Updated: Jun 23, 2020
Project Onward presents a virtual discussion on the connections we have found between works by classical outsider artists and Project Onward artists.
This panel is part of Project Onward's exhibit Outsider Connections.
Nancy currently serves as the Executive Director of Project Onward (2017 to present).
Robyn is an artist. She is currently the Studio Manager and Curator for Project Onward (2017 to present); previously certified A.B.A. Tutor at Behavioral Consultation Services (2006-2010).
Robert is an artist and currently serves as a Board Member for Intuit: The Center for Intuitive & Outsider Art. He is a Project Onward co-founder, serving previously as Executive Director, and Curator for Project Onward (2004- 2015).

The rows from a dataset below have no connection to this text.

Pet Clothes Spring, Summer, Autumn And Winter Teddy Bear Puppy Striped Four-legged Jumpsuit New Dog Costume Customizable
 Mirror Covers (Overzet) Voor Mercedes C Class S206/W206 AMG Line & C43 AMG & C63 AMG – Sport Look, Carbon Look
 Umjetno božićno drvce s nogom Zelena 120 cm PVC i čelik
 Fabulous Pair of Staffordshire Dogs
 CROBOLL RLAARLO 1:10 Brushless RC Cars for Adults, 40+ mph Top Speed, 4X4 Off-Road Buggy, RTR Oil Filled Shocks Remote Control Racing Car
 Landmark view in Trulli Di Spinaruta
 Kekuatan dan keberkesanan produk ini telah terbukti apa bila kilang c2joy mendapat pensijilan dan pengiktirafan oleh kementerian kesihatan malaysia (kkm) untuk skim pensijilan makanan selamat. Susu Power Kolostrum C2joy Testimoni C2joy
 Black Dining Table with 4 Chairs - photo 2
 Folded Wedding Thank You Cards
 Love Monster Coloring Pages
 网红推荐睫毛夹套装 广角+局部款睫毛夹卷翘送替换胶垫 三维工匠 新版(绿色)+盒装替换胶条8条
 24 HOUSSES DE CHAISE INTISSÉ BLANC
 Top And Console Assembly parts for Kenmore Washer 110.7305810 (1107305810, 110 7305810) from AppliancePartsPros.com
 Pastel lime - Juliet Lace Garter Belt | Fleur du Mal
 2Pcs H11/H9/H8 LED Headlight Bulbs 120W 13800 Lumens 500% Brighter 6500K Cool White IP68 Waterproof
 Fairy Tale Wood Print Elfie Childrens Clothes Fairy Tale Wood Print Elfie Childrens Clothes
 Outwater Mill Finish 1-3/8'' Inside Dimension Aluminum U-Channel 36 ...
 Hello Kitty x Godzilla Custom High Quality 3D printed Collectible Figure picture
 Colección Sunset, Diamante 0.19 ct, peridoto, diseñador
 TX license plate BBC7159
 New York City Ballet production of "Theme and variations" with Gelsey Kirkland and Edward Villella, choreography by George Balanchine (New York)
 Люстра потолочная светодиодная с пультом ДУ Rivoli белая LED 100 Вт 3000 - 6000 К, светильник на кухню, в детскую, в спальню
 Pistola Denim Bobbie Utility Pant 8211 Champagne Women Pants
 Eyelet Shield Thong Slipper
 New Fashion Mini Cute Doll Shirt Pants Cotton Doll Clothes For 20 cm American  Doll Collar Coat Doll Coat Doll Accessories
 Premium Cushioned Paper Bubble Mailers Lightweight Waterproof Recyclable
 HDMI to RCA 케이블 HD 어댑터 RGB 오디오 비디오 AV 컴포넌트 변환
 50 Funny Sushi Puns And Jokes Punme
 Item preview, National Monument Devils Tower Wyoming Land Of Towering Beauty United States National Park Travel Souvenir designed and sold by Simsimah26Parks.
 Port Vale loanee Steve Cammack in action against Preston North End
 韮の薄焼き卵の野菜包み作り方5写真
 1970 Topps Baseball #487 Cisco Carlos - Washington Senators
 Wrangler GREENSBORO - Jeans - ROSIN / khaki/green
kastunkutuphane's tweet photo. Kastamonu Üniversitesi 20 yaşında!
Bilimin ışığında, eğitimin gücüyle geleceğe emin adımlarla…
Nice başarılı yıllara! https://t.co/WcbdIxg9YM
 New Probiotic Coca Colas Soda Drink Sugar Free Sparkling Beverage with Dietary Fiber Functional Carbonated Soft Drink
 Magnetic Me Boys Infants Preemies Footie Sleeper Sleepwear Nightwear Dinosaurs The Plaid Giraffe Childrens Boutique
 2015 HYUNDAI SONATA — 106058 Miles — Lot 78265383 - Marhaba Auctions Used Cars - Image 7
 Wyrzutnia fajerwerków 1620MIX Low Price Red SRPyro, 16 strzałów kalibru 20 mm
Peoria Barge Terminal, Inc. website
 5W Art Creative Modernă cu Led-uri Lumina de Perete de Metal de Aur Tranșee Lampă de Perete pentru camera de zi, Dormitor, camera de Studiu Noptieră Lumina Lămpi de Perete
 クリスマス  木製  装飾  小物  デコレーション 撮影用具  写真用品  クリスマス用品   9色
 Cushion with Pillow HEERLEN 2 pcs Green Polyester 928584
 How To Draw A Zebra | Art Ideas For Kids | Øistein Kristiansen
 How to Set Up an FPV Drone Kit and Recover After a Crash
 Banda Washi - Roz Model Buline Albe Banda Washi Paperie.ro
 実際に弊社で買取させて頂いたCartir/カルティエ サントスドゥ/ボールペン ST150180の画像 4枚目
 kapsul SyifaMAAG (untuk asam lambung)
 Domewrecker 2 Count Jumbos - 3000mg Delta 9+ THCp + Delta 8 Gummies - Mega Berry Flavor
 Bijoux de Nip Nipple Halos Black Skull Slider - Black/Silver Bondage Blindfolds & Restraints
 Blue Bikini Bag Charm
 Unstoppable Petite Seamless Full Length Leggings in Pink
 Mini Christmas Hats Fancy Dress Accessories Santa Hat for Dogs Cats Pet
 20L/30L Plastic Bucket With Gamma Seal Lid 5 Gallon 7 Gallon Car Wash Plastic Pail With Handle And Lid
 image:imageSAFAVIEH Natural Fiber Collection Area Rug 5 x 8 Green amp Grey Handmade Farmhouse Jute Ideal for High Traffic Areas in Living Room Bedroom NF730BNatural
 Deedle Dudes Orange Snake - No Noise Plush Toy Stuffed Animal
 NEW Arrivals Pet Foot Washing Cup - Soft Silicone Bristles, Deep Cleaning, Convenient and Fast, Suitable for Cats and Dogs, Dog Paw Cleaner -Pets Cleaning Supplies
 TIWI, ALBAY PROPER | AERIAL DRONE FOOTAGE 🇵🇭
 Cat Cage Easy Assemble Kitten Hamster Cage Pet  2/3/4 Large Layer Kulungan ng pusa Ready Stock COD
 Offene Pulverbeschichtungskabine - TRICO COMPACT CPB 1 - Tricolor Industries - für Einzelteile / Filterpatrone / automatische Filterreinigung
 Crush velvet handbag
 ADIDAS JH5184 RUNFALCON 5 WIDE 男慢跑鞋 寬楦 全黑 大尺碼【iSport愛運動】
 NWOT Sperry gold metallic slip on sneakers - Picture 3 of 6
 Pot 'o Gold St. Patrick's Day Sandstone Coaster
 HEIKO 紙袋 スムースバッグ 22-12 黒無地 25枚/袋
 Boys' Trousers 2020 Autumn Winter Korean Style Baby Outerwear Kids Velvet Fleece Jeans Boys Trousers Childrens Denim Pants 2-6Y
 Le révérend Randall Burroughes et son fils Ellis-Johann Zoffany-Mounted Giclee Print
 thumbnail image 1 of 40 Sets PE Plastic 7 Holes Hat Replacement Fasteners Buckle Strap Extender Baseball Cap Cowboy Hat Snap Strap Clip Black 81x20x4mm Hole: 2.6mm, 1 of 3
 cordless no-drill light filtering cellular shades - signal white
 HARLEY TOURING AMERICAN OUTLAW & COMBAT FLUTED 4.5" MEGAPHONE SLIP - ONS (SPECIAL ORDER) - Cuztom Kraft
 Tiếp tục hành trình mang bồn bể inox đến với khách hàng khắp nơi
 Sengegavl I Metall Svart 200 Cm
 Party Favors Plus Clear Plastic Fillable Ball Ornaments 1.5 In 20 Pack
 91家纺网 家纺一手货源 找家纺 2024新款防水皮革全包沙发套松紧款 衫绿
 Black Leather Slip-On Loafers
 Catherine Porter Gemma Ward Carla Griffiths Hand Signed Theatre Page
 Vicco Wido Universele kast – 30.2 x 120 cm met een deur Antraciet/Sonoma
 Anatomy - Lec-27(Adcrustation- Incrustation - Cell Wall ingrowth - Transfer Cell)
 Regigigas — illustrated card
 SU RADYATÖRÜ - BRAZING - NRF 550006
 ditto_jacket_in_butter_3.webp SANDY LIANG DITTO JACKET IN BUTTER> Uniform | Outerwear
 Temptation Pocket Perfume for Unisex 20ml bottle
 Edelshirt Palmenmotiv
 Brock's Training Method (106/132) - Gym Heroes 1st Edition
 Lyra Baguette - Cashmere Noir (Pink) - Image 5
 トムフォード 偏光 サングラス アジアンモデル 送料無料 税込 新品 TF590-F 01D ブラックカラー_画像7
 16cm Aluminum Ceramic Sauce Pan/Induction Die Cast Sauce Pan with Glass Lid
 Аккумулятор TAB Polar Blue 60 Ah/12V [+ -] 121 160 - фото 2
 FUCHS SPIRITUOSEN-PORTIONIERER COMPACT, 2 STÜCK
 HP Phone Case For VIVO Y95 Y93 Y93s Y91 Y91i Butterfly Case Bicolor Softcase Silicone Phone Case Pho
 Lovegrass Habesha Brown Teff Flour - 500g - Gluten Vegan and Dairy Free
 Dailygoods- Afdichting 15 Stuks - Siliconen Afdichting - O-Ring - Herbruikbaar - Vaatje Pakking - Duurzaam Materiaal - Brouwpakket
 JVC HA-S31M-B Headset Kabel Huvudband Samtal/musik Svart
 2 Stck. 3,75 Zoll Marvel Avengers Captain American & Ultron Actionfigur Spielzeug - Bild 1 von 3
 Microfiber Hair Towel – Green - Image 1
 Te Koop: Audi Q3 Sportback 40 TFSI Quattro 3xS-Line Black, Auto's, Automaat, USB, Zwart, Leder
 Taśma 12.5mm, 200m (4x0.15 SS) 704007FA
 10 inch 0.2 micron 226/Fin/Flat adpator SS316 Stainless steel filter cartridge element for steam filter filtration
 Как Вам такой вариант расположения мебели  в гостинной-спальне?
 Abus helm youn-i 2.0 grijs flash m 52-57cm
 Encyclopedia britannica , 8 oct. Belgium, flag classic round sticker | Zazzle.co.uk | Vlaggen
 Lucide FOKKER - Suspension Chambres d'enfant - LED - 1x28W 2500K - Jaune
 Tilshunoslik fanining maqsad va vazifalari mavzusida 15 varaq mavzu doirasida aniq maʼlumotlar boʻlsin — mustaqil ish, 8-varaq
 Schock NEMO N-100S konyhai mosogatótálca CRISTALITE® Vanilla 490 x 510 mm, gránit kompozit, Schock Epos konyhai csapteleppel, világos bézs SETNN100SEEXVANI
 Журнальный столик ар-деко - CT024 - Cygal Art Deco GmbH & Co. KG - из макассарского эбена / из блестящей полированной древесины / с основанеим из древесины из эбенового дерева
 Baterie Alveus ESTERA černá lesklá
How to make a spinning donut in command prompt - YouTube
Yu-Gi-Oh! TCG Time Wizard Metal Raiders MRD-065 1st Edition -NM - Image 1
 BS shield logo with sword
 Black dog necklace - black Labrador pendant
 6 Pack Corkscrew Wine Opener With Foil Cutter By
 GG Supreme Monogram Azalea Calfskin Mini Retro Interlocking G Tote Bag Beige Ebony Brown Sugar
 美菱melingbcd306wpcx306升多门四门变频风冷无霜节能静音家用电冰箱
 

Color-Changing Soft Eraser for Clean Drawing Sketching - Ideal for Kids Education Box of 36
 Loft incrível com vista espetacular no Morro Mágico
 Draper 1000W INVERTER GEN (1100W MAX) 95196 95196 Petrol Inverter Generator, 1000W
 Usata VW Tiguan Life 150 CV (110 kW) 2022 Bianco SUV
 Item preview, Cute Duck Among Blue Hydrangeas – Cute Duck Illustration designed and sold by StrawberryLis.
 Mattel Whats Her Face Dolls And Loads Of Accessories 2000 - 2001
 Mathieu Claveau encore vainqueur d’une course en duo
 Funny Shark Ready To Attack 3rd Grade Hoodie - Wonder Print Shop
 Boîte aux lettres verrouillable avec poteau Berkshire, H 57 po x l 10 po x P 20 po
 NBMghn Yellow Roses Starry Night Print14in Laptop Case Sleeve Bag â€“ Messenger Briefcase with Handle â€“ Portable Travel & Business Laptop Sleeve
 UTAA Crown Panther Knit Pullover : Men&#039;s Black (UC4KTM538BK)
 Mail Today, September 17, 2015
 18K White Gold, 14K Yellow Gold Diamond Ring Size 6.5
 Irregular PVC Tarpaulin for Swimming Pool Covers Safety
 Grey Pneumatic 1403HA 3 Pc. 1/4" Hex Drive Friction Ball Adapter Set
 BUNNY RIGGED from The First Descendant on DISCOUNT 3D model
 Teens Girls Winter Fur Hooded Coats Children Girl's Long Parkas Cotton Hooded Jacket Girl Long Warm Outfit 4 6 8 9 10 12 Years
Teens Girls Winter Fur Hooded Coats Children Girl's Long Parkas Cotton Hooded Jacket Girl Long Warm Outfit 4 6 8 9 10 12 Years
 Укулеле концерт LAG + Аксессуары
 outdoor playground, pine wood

Faheem is a practicing artist, and has served as Associate Director and Faculty of UIC’s School of Art and Art History (2013-2015); Artist in Residence Chicago’s Department of Cultural Affairs and Special Events (2015); Artist in Residence MANA Contemporary Chicago (2014); Inaugural Artist in Residence for University of Chicago’s Art’s in Art’s in Public Life Initiative (2012); and the Executive Director and Curator for the South Side Community Arts Center (2005-2011).
Randy M. Vick
Randy is a Registered/Board Certified Art Therapist and Licensed Clinical Professional Counselor. He is a SAIC Professor of Art Therapy and serves on the Education Committee for Intuit: The Center for Intuitive & Outsider Art. He has articles published in Art Therapy and Outsider Art: Raw Vision, The Outsider, The Wiley-Blackwell Handbook of Art, and Journal of the American Art Therapy Association.
ON CURATING OUTSIDER CONNECTIONS
by Project Onward Studio Manager, Robyn Jablonski
At the January 2019 Outsider Art Fair, the booths representing the participating disability studio programs primarily formed an L-shape along two outer walls of the Metropolitan Pavilion. The majority of the central space was occupied by established galleries showing contemporary or historic outsider/art brut artists. In the back of my mind I wondered, “is this disability arts row?” In practice however, I found the gallery staff and collectors equally interested in artworks from both the galleries and artist studios. The art from participating disability studios such as Creative Growth, Land, Pure Vision, and Sage—along with Project Onward—stood on par with the established participating galleries.
In January 2020, Project Onward again participated in the New York fair. As Studio Manager and Curator, I observed a visual and spatial shift from the previous year. The Disability Arts Studios were now dispersed among the established galleries. From my perspective, I saw this as an important statement of equity. To this day, I do not know if that was the intention of the fair’s organizers, however I hope this is the case. As an advocate for the artists I represent, I felt a deep pride that their work was shown alongside amazing works of art by classic “outsiders” like Madge Gill, Martín Ramírez, J.J. Cromer, and Bill Traylor. After an illuminating visual experience, I came back to Chicago thinking about this physical, spatial, and visual shift toward inclusion.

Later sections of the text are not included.